The C swap() function looks odd. Why is swp[101][101] an array? Shouldn’t that be just a local scalar value? The same holds for the fortran version, why is temp(M,M) used to swap the two arrays, why not just swap them with a scalar temporary variable? Or, here is another idea. You could have three allocatable arrays, temp(:,:), phi(:,:), and phiprime(:,:). The swap operation can then be done as
call move_alloc(from=phi, to=temp)
call move_alloc(from=phiprime, to=phi)
call move_alloc(from=temp, to=phiprime)
This requires no actual data movement at all, and only two of the arrays are actually allocated at any moment in time. Is that what you are calling an unholy trick? This is fairly clear and is a normal thing in fortran. You should NOT do this instead with pointer arrays. Pointer arrays would prevent the compiler from optimizing the loops.

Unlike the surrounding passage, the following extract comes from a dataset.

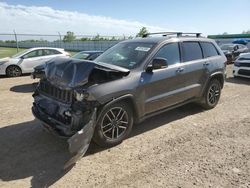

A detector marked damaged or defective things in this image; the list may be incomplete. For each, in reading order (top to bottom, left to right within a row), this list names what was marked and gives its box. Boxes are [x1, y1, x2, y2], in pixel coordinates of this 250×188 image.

damaged front bumper [31, 96, 97, 168]
damaged jeep grand cherokee [31, 31, 227, 162]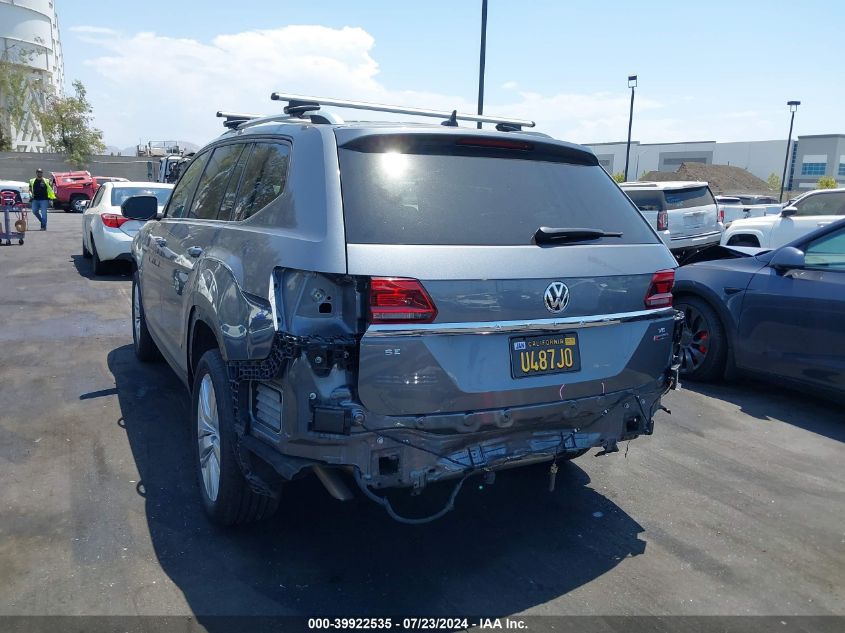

The expression a**2.0_dp should be written as a**2 or as a*a. This is just a minor part of the calculation, but in general floating point exponents should be avoided when possible.
I see several odd things about the rho() function. It is evaluated repeatedly within two nested loops and within the do while loop. However its values are all determined just from the value of the parameter constants a and epsilon0. In fact, the whole expression a2/4.0_dp/epsilon0*rho(i*a,j*a) looks like it could be a sparse array indexed by i and j and evaluated once outside of the do while loop. If I’m looking at the problem correctly, only 4% of the array has rho()==1.0, only 4% of the array has rho()==-1.0, and the rest of the array is zero. If that is right, then perhaps the calculation can be rearranged to evaluate just the part within the square where rho()==1.0, and just the part where rho()==-1.0, and ignore the part where rho()==0.0. This could be done, for example, by identifying the do loop ranges for the two squares (outside the do while loop), and using those ranges to update the phiprime(:,:) array.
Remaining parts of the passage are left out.